**RECORDS SHOWN:**
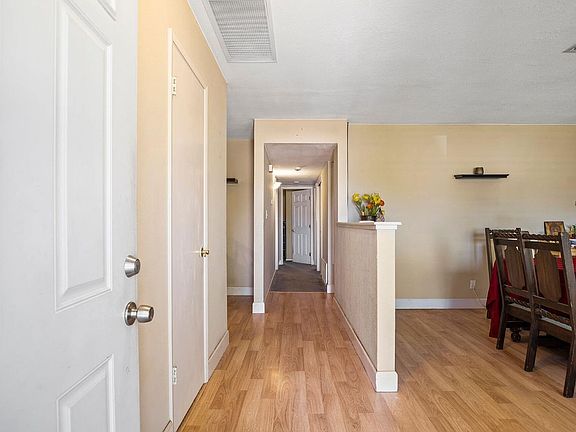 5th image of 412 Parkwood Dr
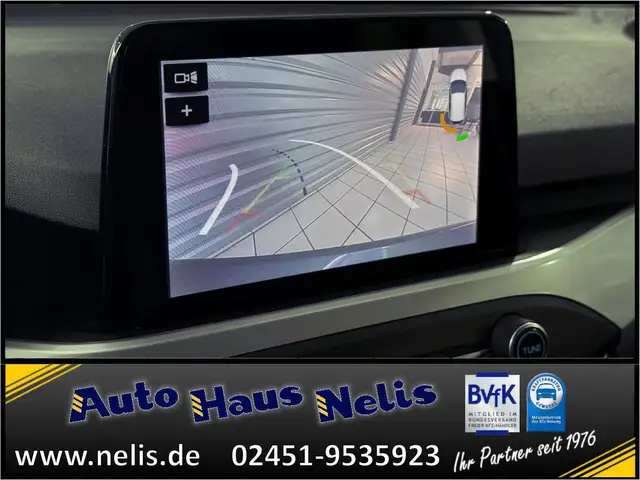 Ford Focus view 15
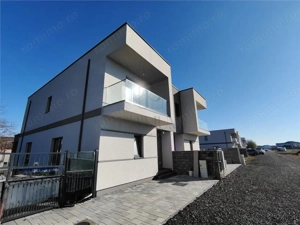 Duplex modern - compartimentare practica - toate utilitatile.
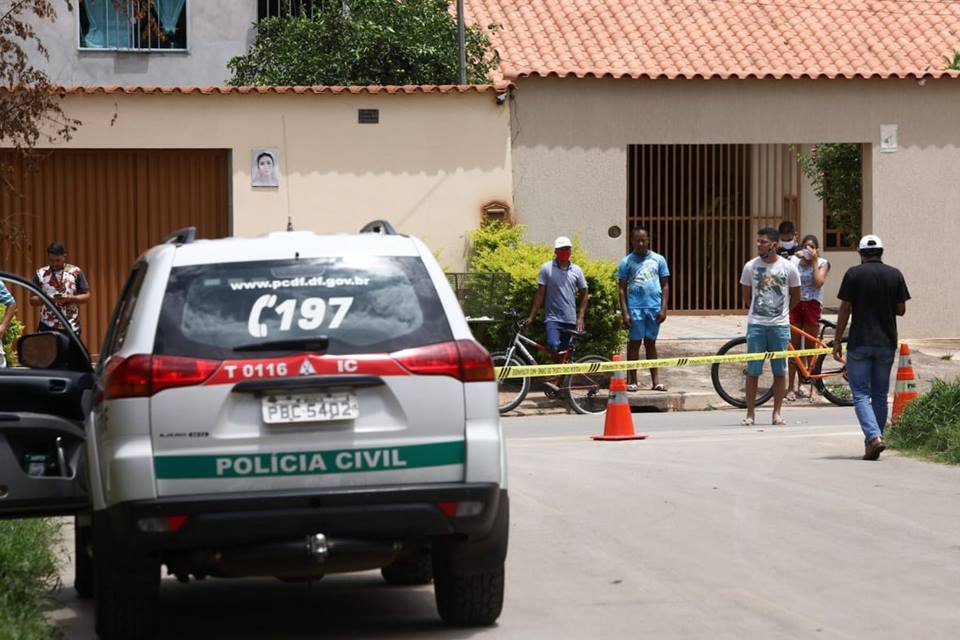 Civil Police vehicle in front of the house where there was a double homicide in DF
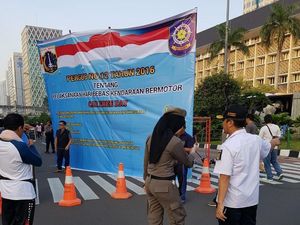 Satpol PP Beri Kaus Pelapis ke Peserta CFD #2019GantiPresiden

* * *

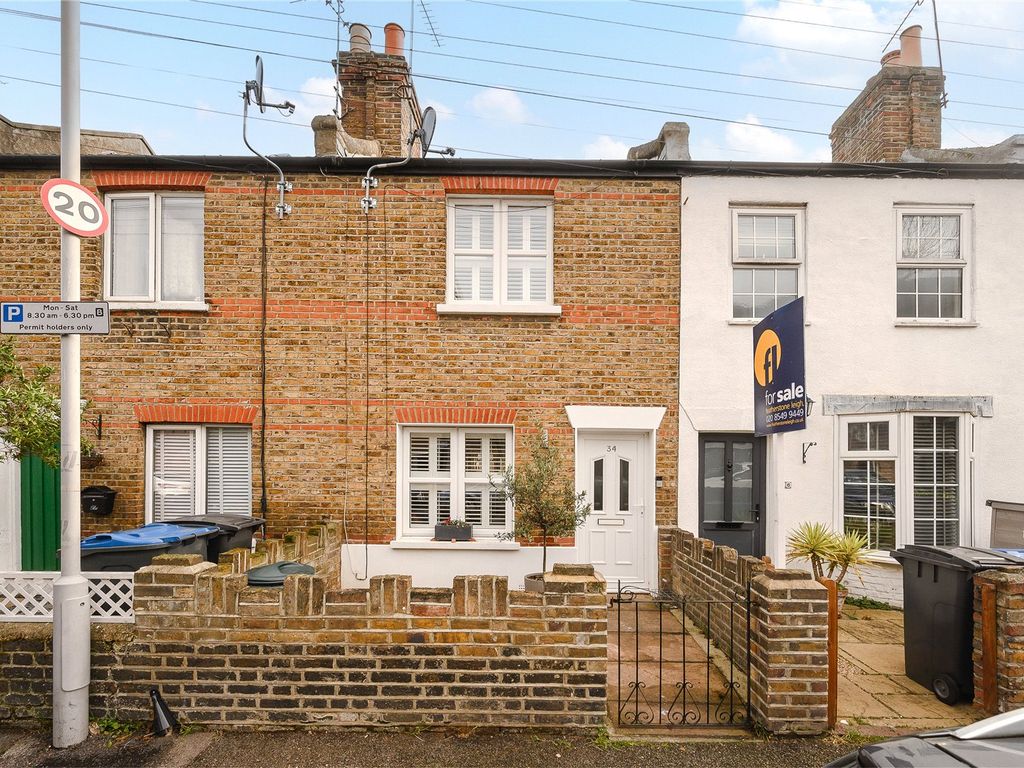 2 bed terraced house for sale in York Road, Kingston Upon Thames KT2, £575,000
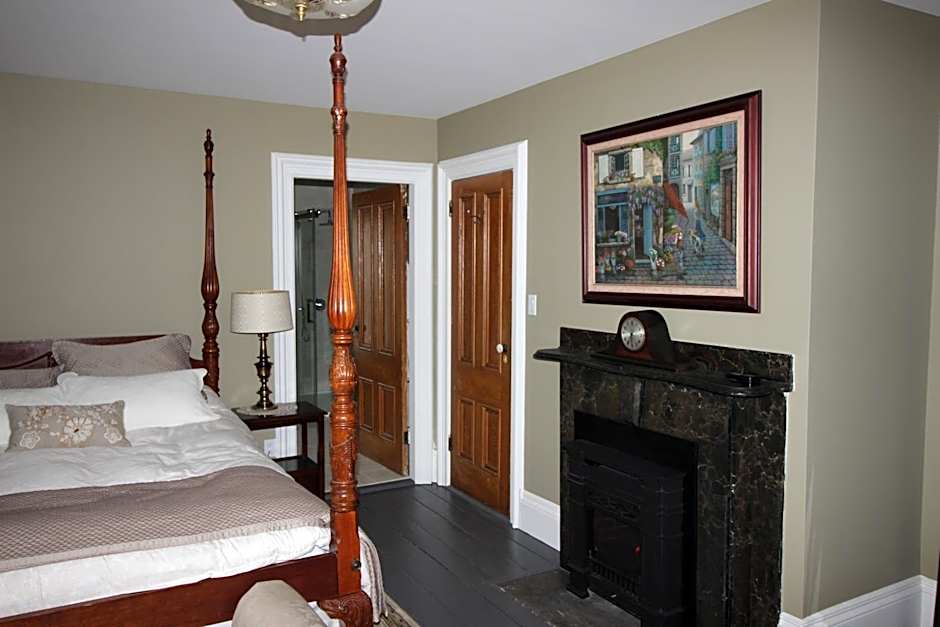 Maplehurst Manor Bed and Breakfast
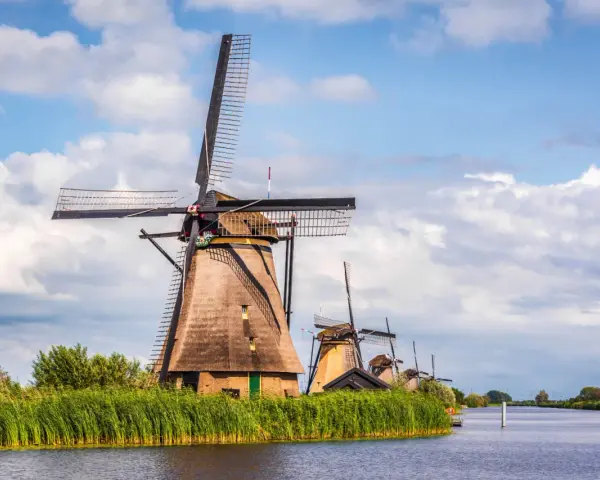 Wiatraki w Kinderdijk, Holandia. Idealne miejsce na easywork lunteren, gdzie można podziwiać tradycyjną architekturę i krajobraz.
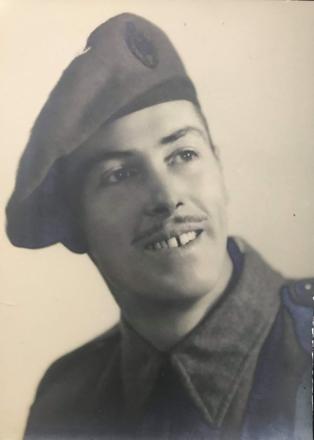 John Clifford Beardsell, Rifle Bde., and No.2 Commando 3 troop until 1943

**DIRECTIONS FOR THIS TASK:**
Only the lines above starting with the line with "Maplehurst Manor Bed and Breakfast" and going on through the line with "John Clifford Beardsell, Rifle" belong in the answer; repeat them exactly, minus any picture.

**ANSWER TO THIS EXERCISE:**
 Maplehurst Manor Bed and Breakfast
 Wiatraki w Kinderdijk, Holandia. Idealne miejsce na easywork lunteren, gdzie można podziwiać tradycyjną architekturę i krajobraz.
 John Clifford Beardsell, Rifle Bde., and No.2 Commando 3 troop until 1943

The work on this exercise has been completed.